Project Proposals
The final project is an opportunity to explore a topic of your choice related to the course material. You may work in groups of up to 3 people. Working alone is totally fine.
Based on the proposals, I may try to combine or shuffle groups if there seems to be overlap or something.
The project is meant to be flexible and open-ended, here are some ways that you might approach it:
- Re-implement or extend a tool from a paper.
-
Perform a survey on a few papers in a deeper area than we got a chance to cover in class.
(I like this project idea a lot, and there can be several different flavors of it!)
Some quick topic ideas:
- Sparse tensors and the connection to relational algebra
- Advanced term rewriting / matching techniques, especially modulo theories like AC
- Rewriting strategies
- Modern Datalog flavors that deal with existentials, semirings, etc.
- Rewriting / e-graphs inside SMT solvers, and how that differs with equality saturation
- Connecting any of these these up would be great too!

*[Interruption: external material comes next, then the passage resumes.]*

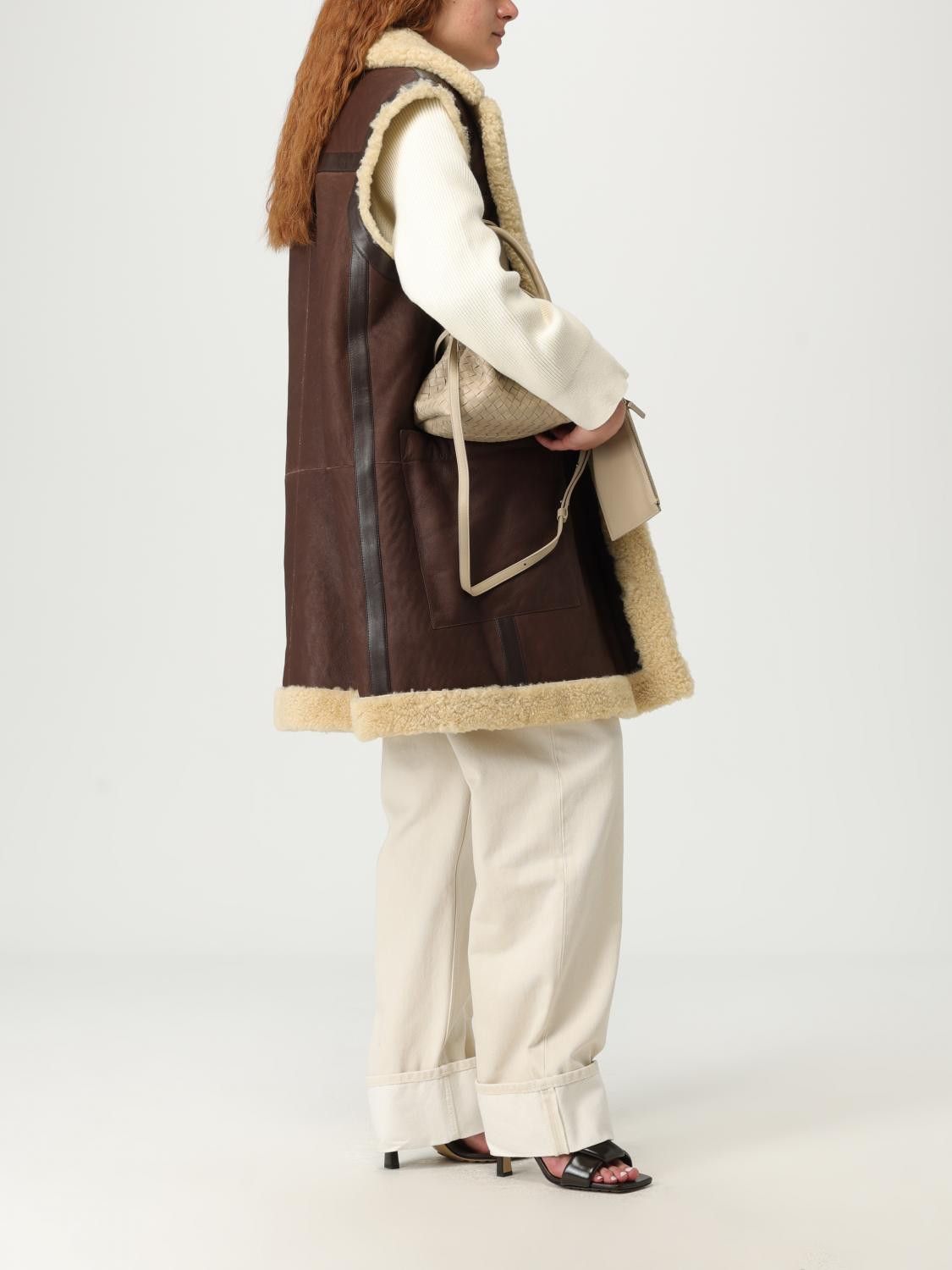 Bottega Veneta Bottega Veneta Waistcoat Woman Brown Size S / US 4 / IT 40 - 2 Thumbnail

- Apply some of the ideas from the course to your own research.
-
Visualization Project Idea from Eugene Wu
Background: Graphical perception studies ask users to answer simple data questions given varying visualization designs. These have been collected into visualization principles that rank visualization effectiveness (e.g., scatter plots are better than pie charts). However, these results are limited in two ways: visualization designs confound data transformations with visual encoding, and tasks are expressed in ambiguous English language and thus non-generalizable.

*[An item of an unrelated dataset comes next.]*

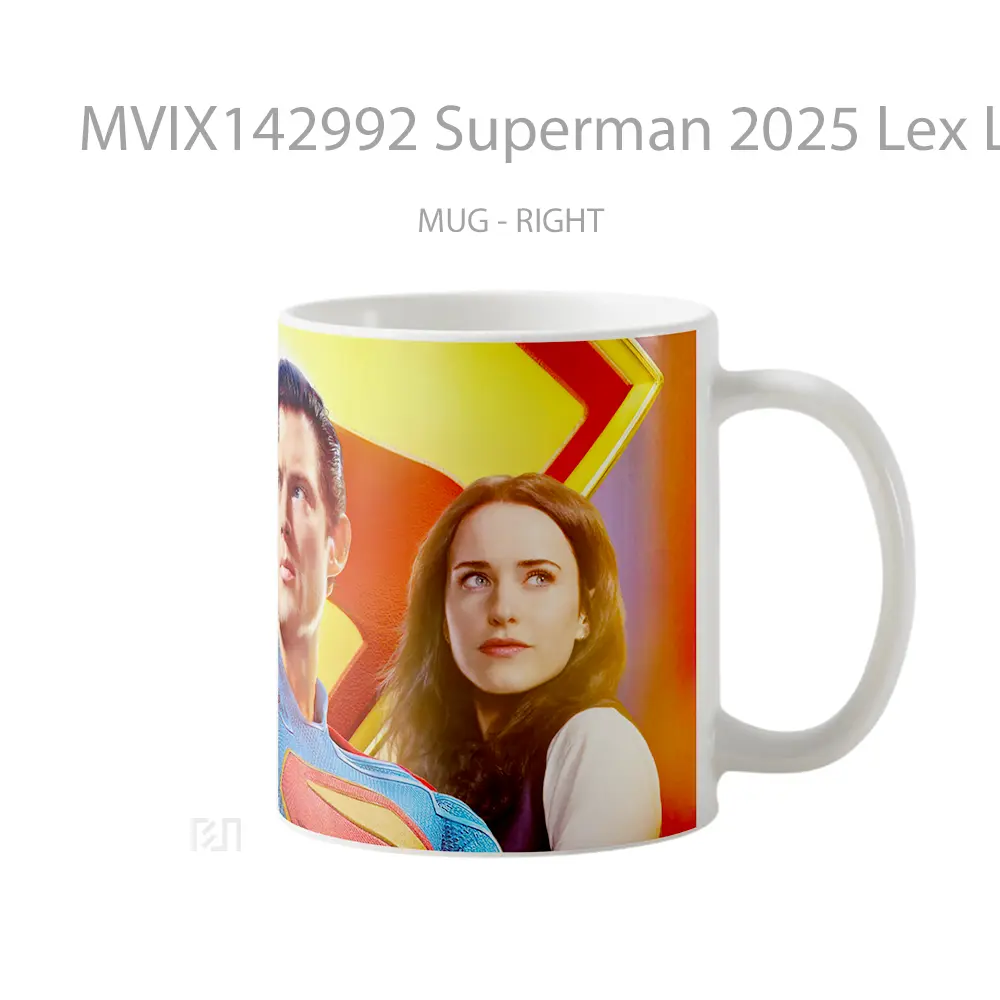 Mug Superman 2025 Lex Luthor Lois Lane Krypto Gelas Superhero - All-side / Desain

We want to estimate visualization effectiveness by modeling visualizations and tasks using the same representation – data transformations. The visualization is the result of transformation operators on an input dataset, and the task asks users to answer a query (operators) over the input dataset.
The setup is roughly as follows. Let D be the input dataset, and there is a library of table transformations (e.g., filter, map, group, aggregate) and arithmetic expressions. Visualization $V = f_V(f_T(D))$ is the result of applying a sequence of transformations $f_T(D)$ to the dataset, and then mapping its data attributes to visualization attributes via $f_V()$. A user task $Q(D)$ estimates a result over $D$, however the user only has access to $V$.
- is $Q(D)$ expressible as $Q’(V)$?
- If so, and there is a ‘‘user effort cost’’ associated with each operator, then what is the lowest cost $Q’$?
The idea is to use egg to quickly search the space of transforms and extract a lowest cost $Q’$.
Please contact ew2493@columbia.edu for details.
- Explore/expand the state-of-the-art on e-graph extraction.
- Anything else!
In any case, feel free to chat with me about what you’re thinking about doing. Just send me an email!
Proposals
On this date, proposals are due on bCourses. The proposal should be a short document (1-2 pages, 700ish words) that outlines what you plan to do for your project, including the papers / sources that you plan to base it on. The proposal can be informal, but should be clear about what you plan to do.
Proposal Presentation
During this class, groups will give a 5-minute presentation on their project proposal. This is an opportunity to get feedback on your project idea, and to help you refine your project scope. Also, groups may shuffle or combine based on the proposals.
The presentation can be informal and doesn’t have to use slides.
Meetings
A large chunk of the course is dedicated to the final project. During that time, each group will meet with me weekly to discuss their progress. These meetings are an opportunity to get early feedback on your project, and to help hone in the scope of your project so that you can make the best presentation by the end of the course.
Final Presentations and Report
The final deliverables for the project are:
- A 20ish minute presentation given during the last week of class
- A short report (4-6 pages) due before the first day of project presentations
- Report length should vary based on the kind of project. For example, a survey report should be longer than that of an implementation project.